Snow Day

Later, the bell rings and prayers are said and still Merk Shepherdson hasn’t shown. The snow falls and the trees scrape the windows and the test has been distributed and, still, no Merk. But this is normal, snow or not, his sauntering in late, his shirt tail hanging over his empty belt loops, his face bristly with stubble.

“Anyone seen Merk?” I say, finally, to some shaking heads and a few blanks stares.

And then he arrives, just as he always does, his coat still on, his boots untied and full of snow, his two-day-old scruff white with melting flakes. He hands me a note. Always a note. It excuses his tardiness.

“Books away,” I say, watching Merk slide toward his back-corner desk, where I can hardly see him. The boys watch him, too—his balanced stride, his half-closed eyes—even the cool ones who’d never admit to it.
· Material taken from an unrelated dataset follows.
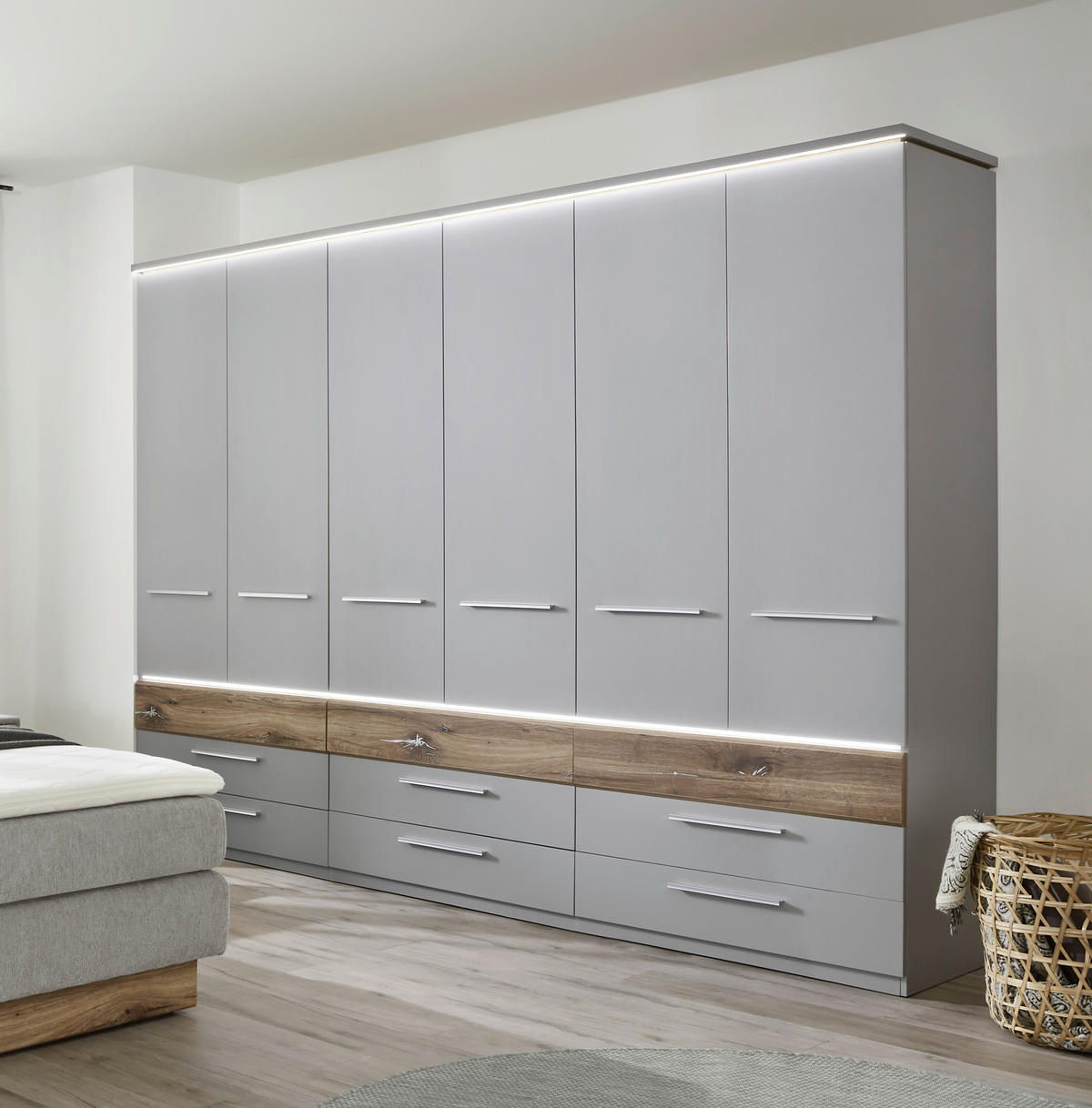 Kleiderschrank Tulsa Arktisgrau Oak Flagstaff Nachbildung B/H/T: ca. 301x229x61 cm Tulsa - Arktisgrau/Oak (301,00/229,00/61,00cm)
I presume Merk hasn’t studied, but can never be sure, as he always seems to—between being late and sleeping through class—pull off an A, at the very least a B. I don’t know how the kid manages. I wonder if he has a buddy, someone to help him with homework, a guy to write him study outlines, an older friend who’s taken the tests. I mean to change the tests each year, really I do. But somehow I’m always behind, each morning scrambling to my computer to peer at the calendar of lesson plans and find last year’s materials. Sometimes, if I have time, I reread the poem or the essay for the day, but never the novels, not front-to-back, cover-to-cover. Only in parts, so that I’ve memorized passages.

I sit behind my desk and pull an essay from atop the stack, which has been staring me down for days. It happens to be Merk’s, an essay on the persuasive techniques of the jeremiad, the puritans’ reliance on melodramatic structures. Have I read this before? Perhaps in a text book somewhere, or online, or in someone else’s paper from years past? They all blend together, these kids and their essays. But it’s not in these boys to be original. Only to get things done. Only to take short cuts. One must take such short cuts here, or sink, I suppose.

I spy movement from the back of the room and glance in its direction. There, Merk and the boy next to him, Jim, engage in furtive conversation, Merk’s head bent over his paper, his eyes on Jim, his lips now tightened into a knot. Jim leans toward Merk, his lips moving tacitly, as though I weren’t in the room at all. Then, he freezes for a moment, suddenly aware of my eyes on him, and his head drops, his knees relax, and he slides himself back into his desk.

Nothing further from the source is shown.